Simply put, the Propose and SyncPropose methods both require an input parameter called Session, which is a session used by the client to write to the state. When the user chooses not to use Dragonboat's built-in idempotence feature, they can use the GetNoOPSession method of NodeHost to obtain a NOOP session, which is only used to indicate the ShardID of the Raft group that the write operation is targeting. If built-in idempotence support is selected, GetNewSession can be used to obtain a valid concrete Session object, which is used each time the current client calls the Propose or SyncPropose method using this Session object. After a successful Propose or SyncPropose, the ProposalCompleted method of the Session needs to be called, while if Propose or SyncPropose times out, the ProposalCompleted method is not called, and Propose or SyncPropose is called again directly to retry the timed-out proposal.

Disk-based state machines do not support this built-in idempotence feature and must use a NOOP session. If necessary, users must implement their own idempotence support within the state machine.

The user input data for write operations should be the only source of input data for updating the state machine.

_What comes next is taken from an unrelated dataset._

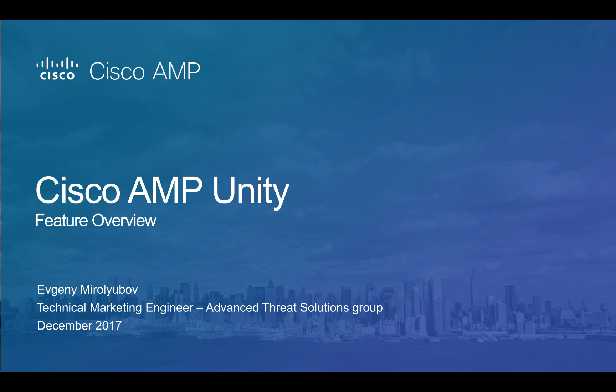My name is Evgeny Miralubov and in this video we will go over the features of AMP Unity, demonstrate some of its capabilities and show example use cases to help you take advantage of the AMP architecture.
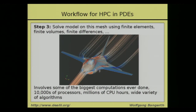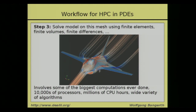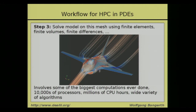When you have the mesh, you need to solve your differential equations on it using finite elements, finite volumes, or finite differences. For some computations on realistic geometries, these are among the biggest computations ever done — on tens of thousands of processors today, hundreds of thousands of processors, millions of CPU hours, using any number of algorithms. That is an example of where you really need to know something about the algorithms.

When the Update method is called to update the state machine state, uncertain data sources such as system time, random numbers, and current process IDs should not be used on various replicas.

By default, a Proposal only notifies the client after it has been confirmed to be accepted and successfully applied to the state machine. For applications with special needs, Dragonboat can be configured through the NotifyCommit parameter of NodeHostConfig to notify the client separately after a Proposal has been accepted.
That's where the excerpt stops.